> WHAT TO DO
In the listing below, find the line with "ViNtAgE Adam Douglass" and the line with "continuous single drawn". Repeat those two lines and all lines between them exactly.

> PROVIDED RECORDS
______________________________
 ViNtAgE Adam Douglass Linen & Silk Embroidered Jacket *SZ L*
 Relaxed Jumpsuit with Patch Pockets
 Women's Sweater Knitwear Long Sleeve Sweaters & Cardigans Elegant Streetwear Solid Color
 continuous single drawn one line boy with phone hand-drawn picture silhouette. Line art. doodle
______________________________
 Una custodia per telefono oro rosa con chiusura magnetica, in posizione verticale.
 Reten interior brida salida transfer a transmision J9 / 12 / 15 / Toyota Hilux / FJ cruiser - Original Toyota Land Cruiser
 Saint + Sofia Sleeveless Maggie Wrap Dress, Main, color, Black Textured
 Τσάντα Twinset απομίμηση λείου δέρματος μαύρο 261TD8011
______________________________
> YOUR SOLUTION
 ViNtAgE Adam Douglass Linen & Silk Embroidered Jacket *SZ L*
 Relaxed Jumpsuit with Patch Pockets
 Women's Sweater Knitwear Long Sleeve Sweaters & Cardigans Elegant Streetwear Solid Color
 continuous single drawn one line boy with phone hand-drawn picture silhouette. Line art. doodle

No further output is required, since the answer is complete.